**YOUR ASSIGNMENT**
Beginning with the line that has "Rj Harvey Ucf Knights Long Sleeve Tee Rj" and ending with the line that has "Grinder Rainbow Metal", retype the entries below exactly, except for the pictures.

(DATA FOR THIS TASK begins)

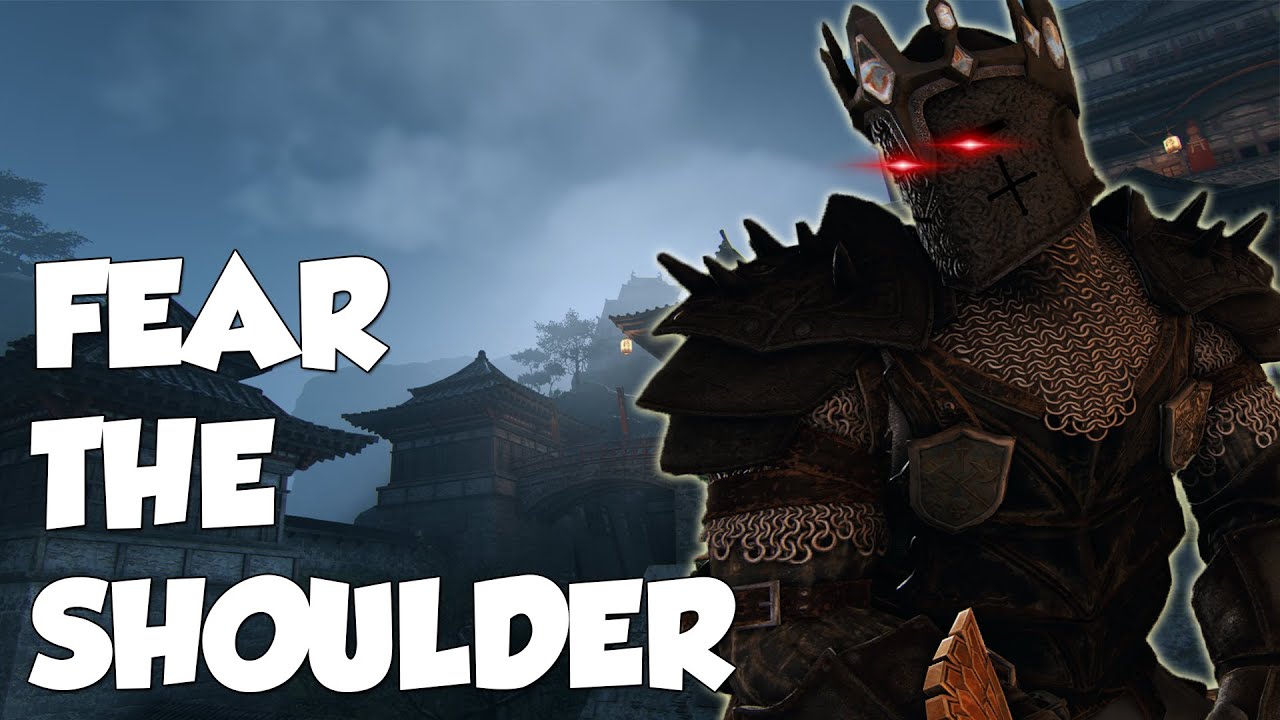 Warden With That S Tier Bash | For Honor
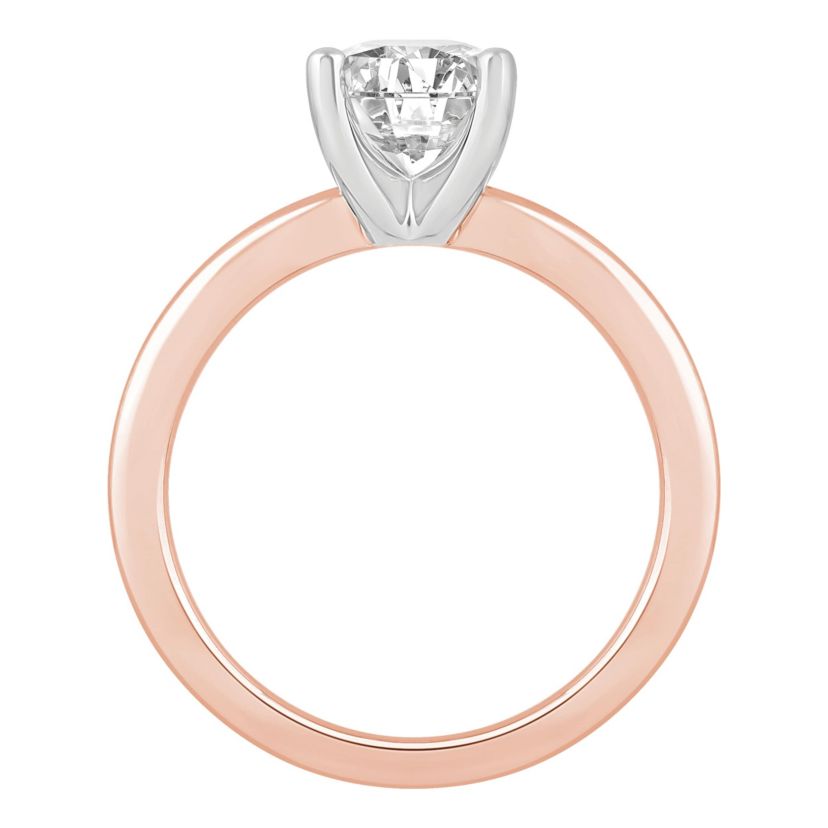 Lab Created 2 ct. t.w. Lab Grown Diamond Solitare Ring in 14K Gold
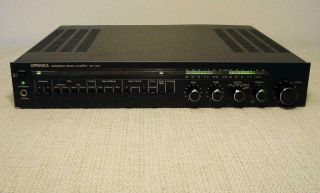 Rare Optonica Sm - 7305 Integrated Stereo Amplifier Audiophile Power Vintage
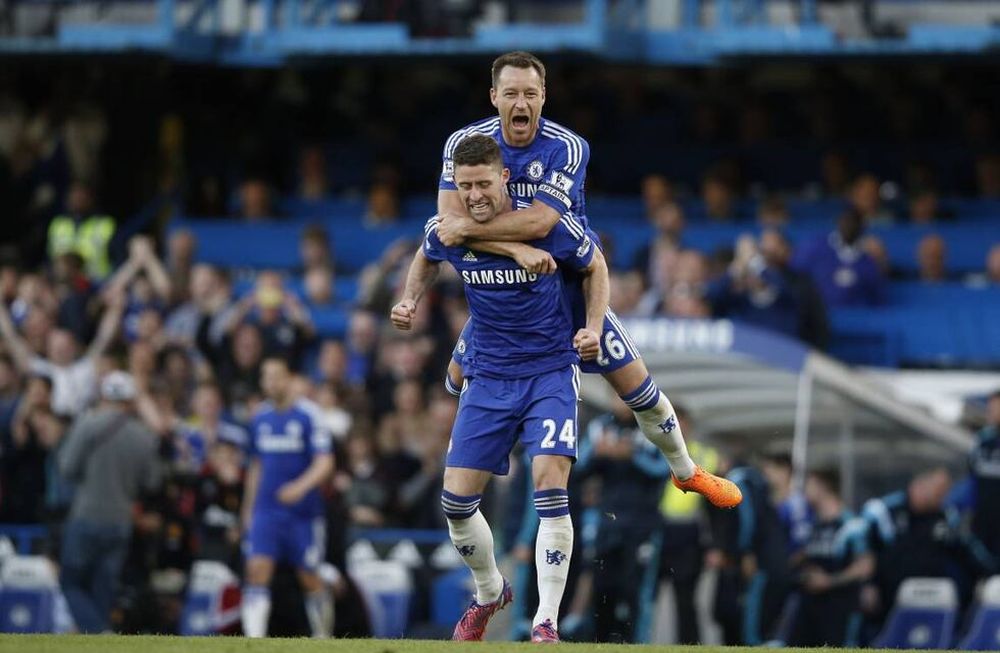Chelsea ya se prueba la corona
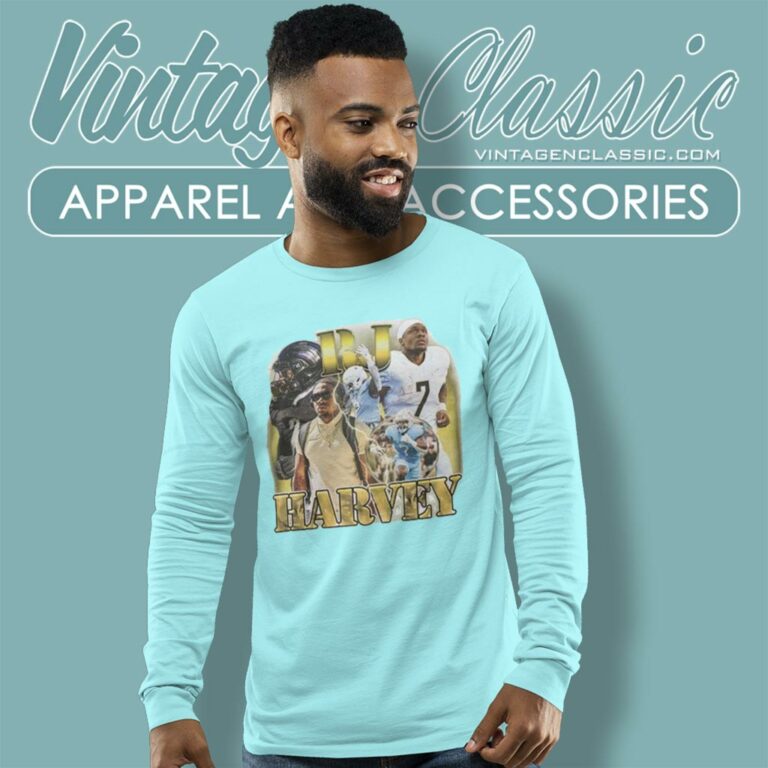 Rj Harvey Ucf Knights Long Sleeve Tee Rj Harvey Ucf Knights Long Sleeve Tee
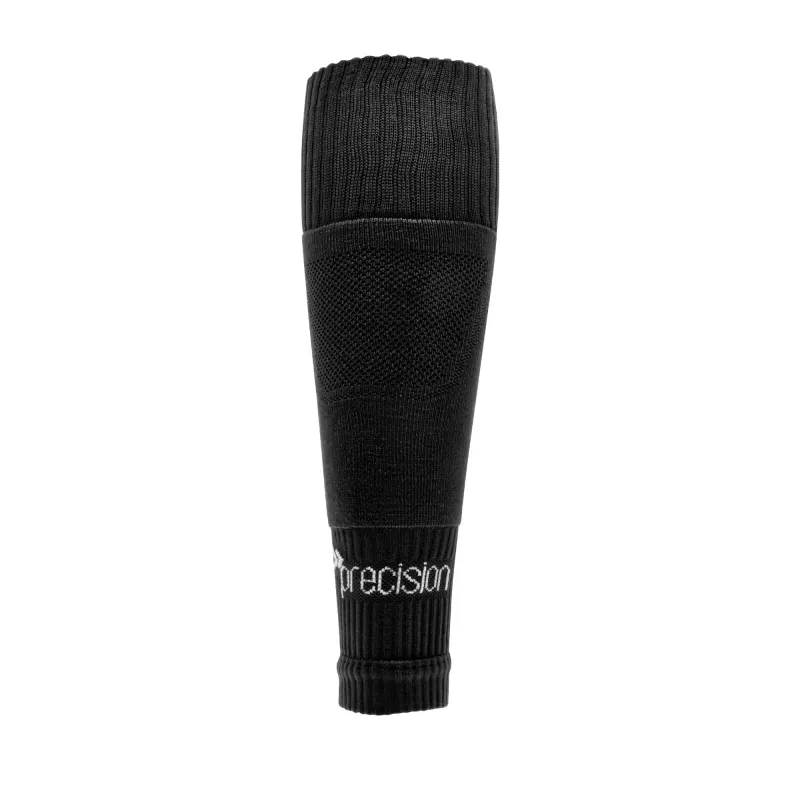 Plain Pro Footless Sleeve Socks Adjustable Fit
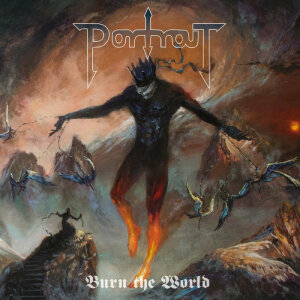 PORTRAIT - Burn The World - Ltd. Digi CD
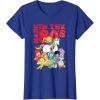 Rainbow Brite Made In The 80’s Distressed Group Shot T-Shirt(Royal Blue)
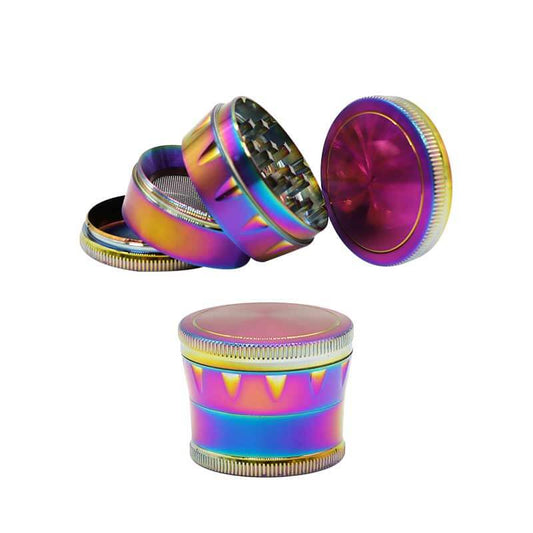 Grinder Rainbow Metal Slim Drum Shape (M6.023)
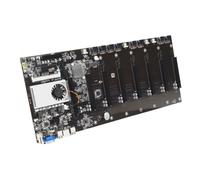Artibetter High-performance Miner Motherboard 8 Pcie Slots, Ddr3 Memory Support, Integrated Vga Interface, and Multiple USB Ports for Efficient Gpu Mining Rig Setup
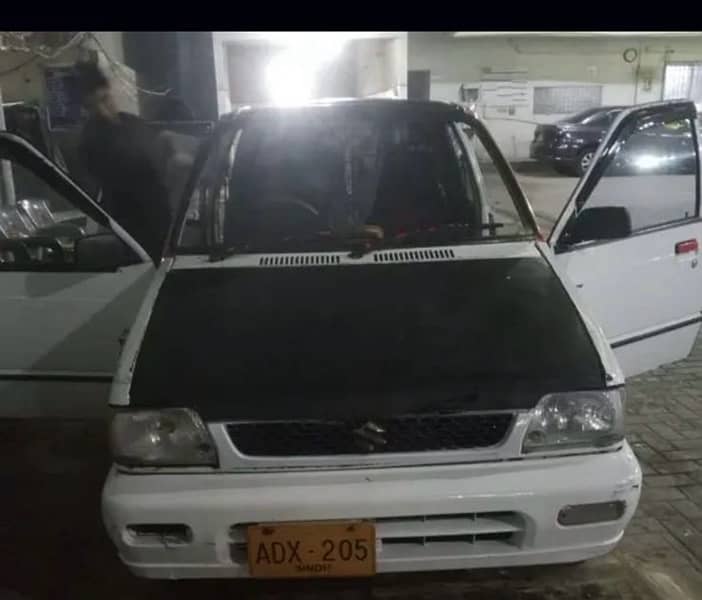 Suzuki Mehran VXR 2002 1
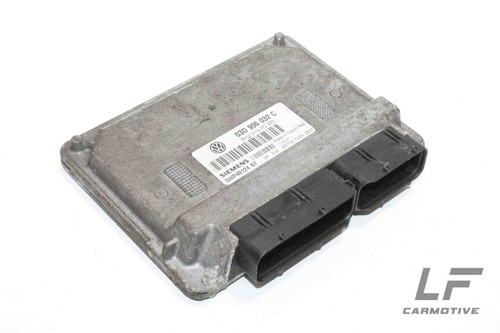 VOLKSWAGEN POLO 9N Motorsteuergerät 03D906032C 2005 13559084
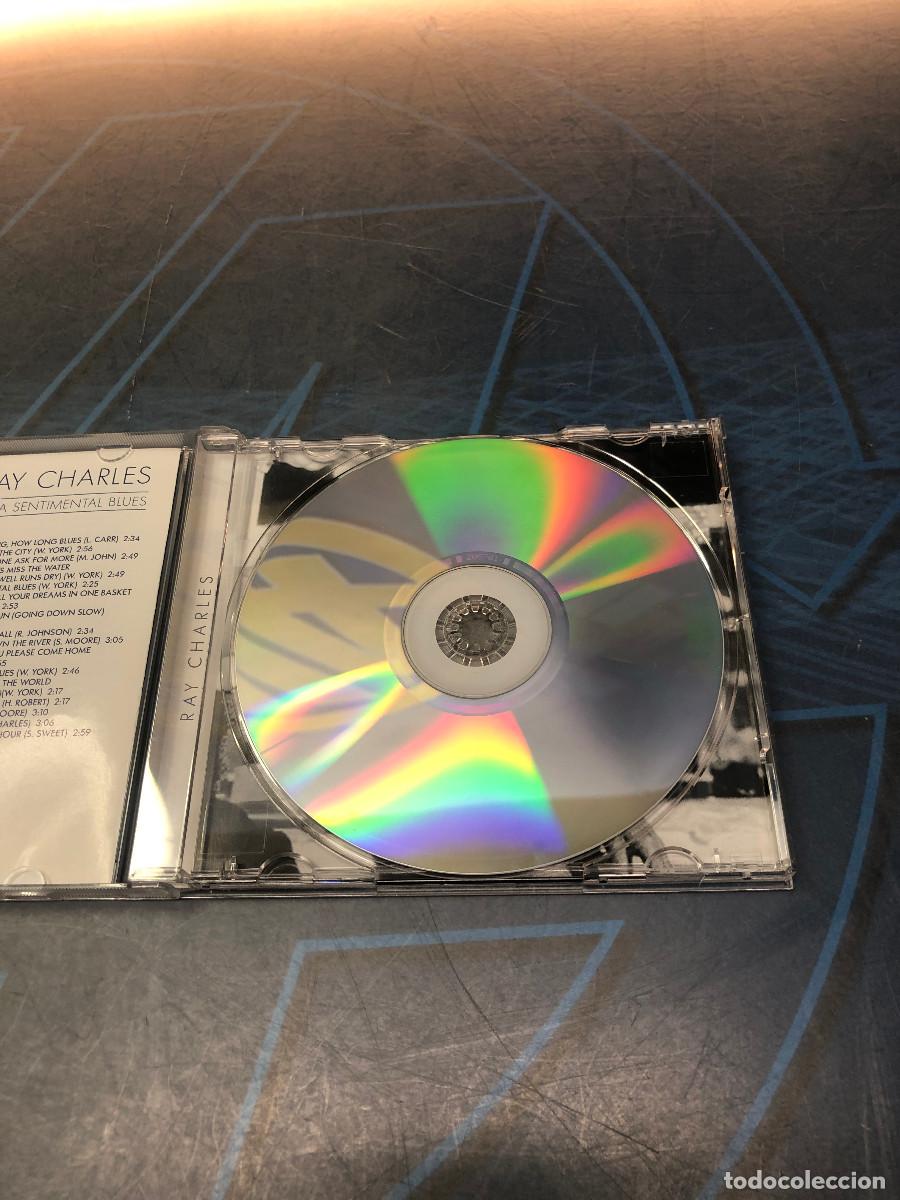 CDs de m&uacute;sica: Cd, Ray Charles, A Sentimental Blues - Foto 5
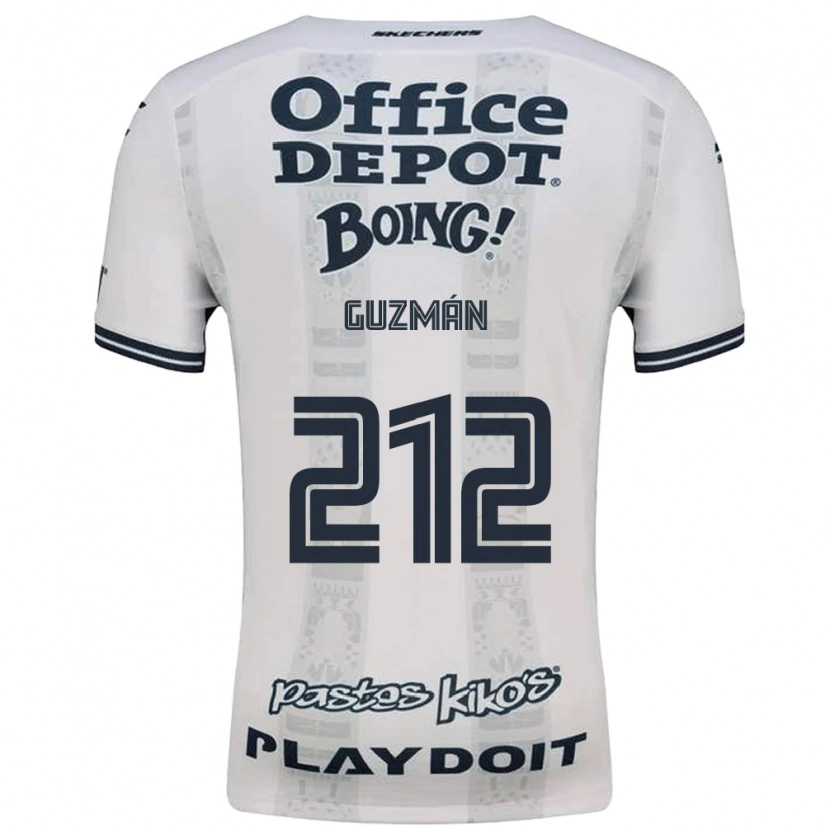 Danxen Mujer Camiseta Enrique Guzmán #212 Rojo Blanco Negro 2ª Equipación 2026/27 La Camisa México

(DATA FOR THIS TASK ends)

**TASK RESULT**
 Rj Harvey Ucf Knights Long Sleeve Tee Rj Harvey Ucf Knights Long Sleeve Tee
 Plain Pro Footless Sleeve Socks Adjustable Fit
 PORTRAIT - Burn The World - Ltd. Digi CD
 Rainbow Brite Made In The 80’s Distressed Group Shot T-Shirt(Royal Blue)
 Grinder Rainbow Metal Slim Drum Shape (M6.023)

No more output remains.